9.1 Recursive Sorting Algorithms#
This week we’re switching gears a little bit. For the bulk of the course we’ve talked about different abstract data types and the data structures we use to implement them. Now, we’re going to talk about one very specific data-processing operation, which is one of the most fundamental in computer science: sorting. Just as we saw multiple data structures that could be used to represent the same ADT, we’ll look at a few different ways to implement sorting.
You’ve studied sorting before in CSC108; all of the basic sorting algorithms you probably saw—bubblesort, selection sort, insertion sort—were iterative, meaning they involved multiple loops through the list.[1] You probably also talked about how their running time was quadratic in the size of the list, so each of these algorithms sorts a list of size \(n\) in \(O(n^2)\) steps. (Why? Briefly, each involves \(n\) different loops, where each loop has between 1 and \(n\) iterations, and \(1 + 2 + 3 + \cdots + n = \frac{n(n+1)}{2}\).)
In this lecture, we’re going to use recursion to develop two faster sorting algorithms, mergesort and quicksort. These are both recursive divide-and-conquer algorithms, which is a general class of algorithms that use the following steps:
Split up the input into two or more parts.
Recurse on each part separately.
Combine the results of the previous step into a single result.
Where these two algorithms differ is in the splitting and combining: mergesort does the “hard” (algorithmically complex) work in the combine step, and quicksort does it in the divide step.
Mergesort#
The first algorithm we’ll study is called mergesort, and takes the “divide-and-conquer” philosophy very literally. The basic idea of this algorithm is that it divides its input list into two halves, recursively sorts each half, and then merges each sorted half into the final sorted list.
def mergesort(lst: list) -> list:
"""Return a sorted list with the same elements as <lst>.
This is a *non-mutating* version of mergesort; it does not mutate the
input list.
"""
if len(lst) < 2:
return lst[:]
else:
# Divide the list into two parts, and sort them recursively.
mid = len(lst) // 2
left_sorted = mergesort(lst[:mid])
right_sorted = mergesort(lst[mid:])
# Merge the two sorted halves.
return _merge(left_sorted, right_sorted)
The merge operation#
While this code looks very straightforward, we’ve hidden the main complexity in the helper function _merge
, which needs to take two lists and combine them into one sorted list.
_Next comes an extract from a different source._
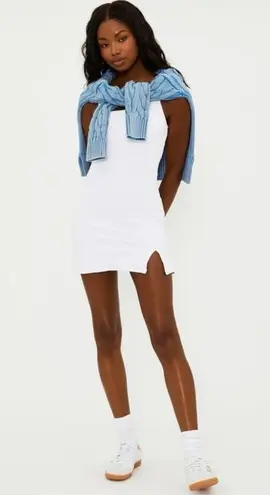 Beach Riot Women’s Elise Woven White Asymmetric Tennis Mini Dress With Shorts L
For two arbitrary lists, there isn’t an “efficient” way of combining them.[2] For example, the first element of the returned list should be the minimum value in either list, and to find this value we’d need to iterate through each element in both lists.
But if we assume that the two lists are sorted, this changes things dramatically.
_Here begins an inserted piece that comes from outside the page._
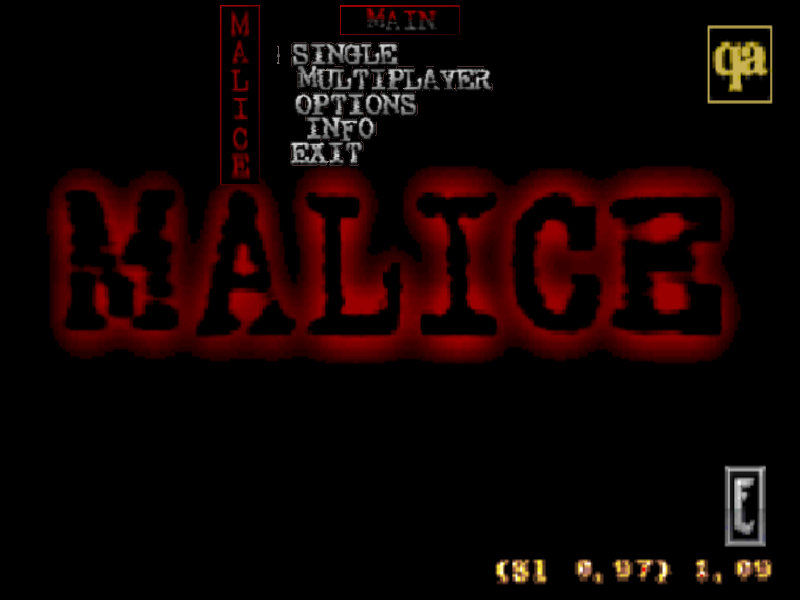Title screen of Malice: 23rd Century Ultraconversion for Quake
For example, to find the minimum item of lst1
and lst2
when both lists are sorted, we only need to compare lst1[0]
and lst2[0]
, since the minimum must be one of these two values.
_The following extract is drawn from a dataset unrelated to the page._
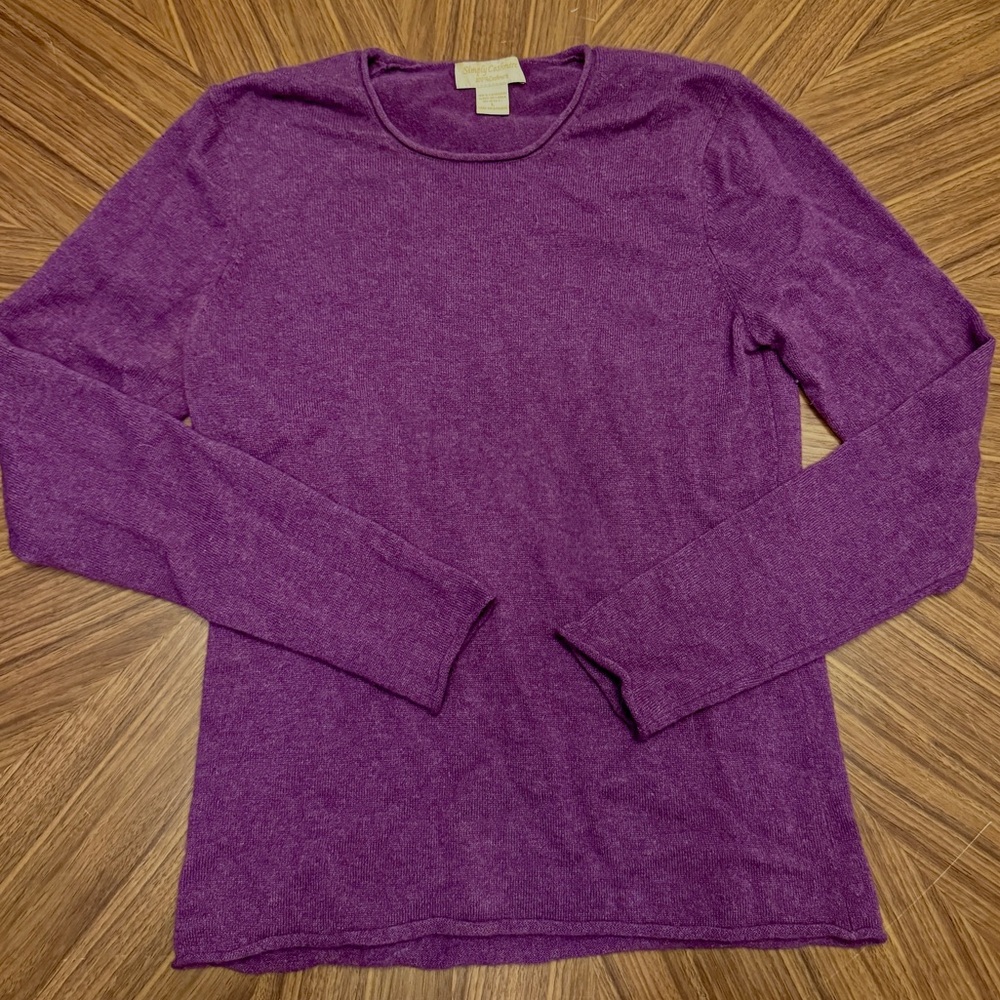 Purple cashmere sweater, size large, Simply Cashmere.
We can generalize this idea so that after every comparison we make, we can add a new element to the sorted list.
This is the key insight that makes the _merge
operation efficient, and which gives the algorithm mergesort
its name.
def _merge(lst1: list, lst2: list) -> list:
"""Return a sorted list with the elements in <lst1> and <lst2>.
Precondition: <lst1> and <lst2> are sorted.
"""
index1 = 0
index2 = 0
merged = []
while index1 < len(lst1) and index2 < len(lst2):
if lst1[index1] <= lst2[index2]:
merged.append(lst1[index1])
index1 += 1
else:
merged.append(lst2[index2])
index2 += 1
# Now either index1 == len(lst1) or index2 == len(lst2).
assert index1 == len(lst1) or index2 == len(lst2)
# The remaining elements of the other list
# can all be added to the end of <merged>.
# Note that at most ONE of lst1[index1:] and lst2[index2:]
# is non-empty, but to keep the code simple, we include both.
return merged + lst1[index1:] + lst2[index2:]
Quicksort#
While quicksort also uses a divide-and-conquer approach, it takes a different philosophy for dividing up its input list. Here’s some intuition for this approach: suppose we’re sorting a group of people alphabetically by their surname. We do this by first dividing up the people into two groups: those whose surname starts with A-L, and those whose surnames start with M-Z. This can be seen as an “approximate sort”: even though each smaller group is not sorted, we do know that everyone in the A-L group should come before everyone in the M-Z group. Then after sorting each group separately, we’re done: we can simply take the two groups and then concatenate them to obtain a fully sorted list.
The formal quicksort algorithm uses exactly this idea:
First, it picks some element in its input list and calls it the pivot.
It then splits up the list into two parts: the elements less than or equal to the pivot, and those greater than the pivot.[3] This is traditionally called the partitioning step.
Next, it sorts each part recursively.
Finally, it concatenates the two sorted parts, putting the pivot in between them.
def quicksort(lst: list) -> list:
"""Return a sorted list with the same elements as <lst>.
This is a *non-mutating* version of quicksort; it does not mutate the
input list.
"""
if len(lst) < 2:
return lst[:]
else:
# Pick pivot to be first element.
# Could make lots of other choices here (e.g., last, random)
pivot = lst[0]
# Partition rest of list into two halves
smaller, bigger = _partition(lst[1:], pivot)
# Recurse on each partition
smaller_sorted = quicksort(smaller)
bigger_sorted = quicksort(bigger)
# Return! Notice the simple combining step
return smaller_sorted + [pivot] + bigger_sorted
It turns out that implementing the _partition
helper is simpler than the _merge
helper above: we can do it just using one loop through the list.
def _partition(lst: list, pivot: Any) -> tuple[list, list]:
"""Return a partition of <lst> with the chosen pivot.
Return two lists, where the first contains the items in <lst>
that are <= pivot, and the second is the items in <lst> that are > pivot.
"""
smaller = []
bigger = []
for item in lst:
if item <= pivot:
smaller.append(item)
else:
bigger.append(item)
return smaller, bigger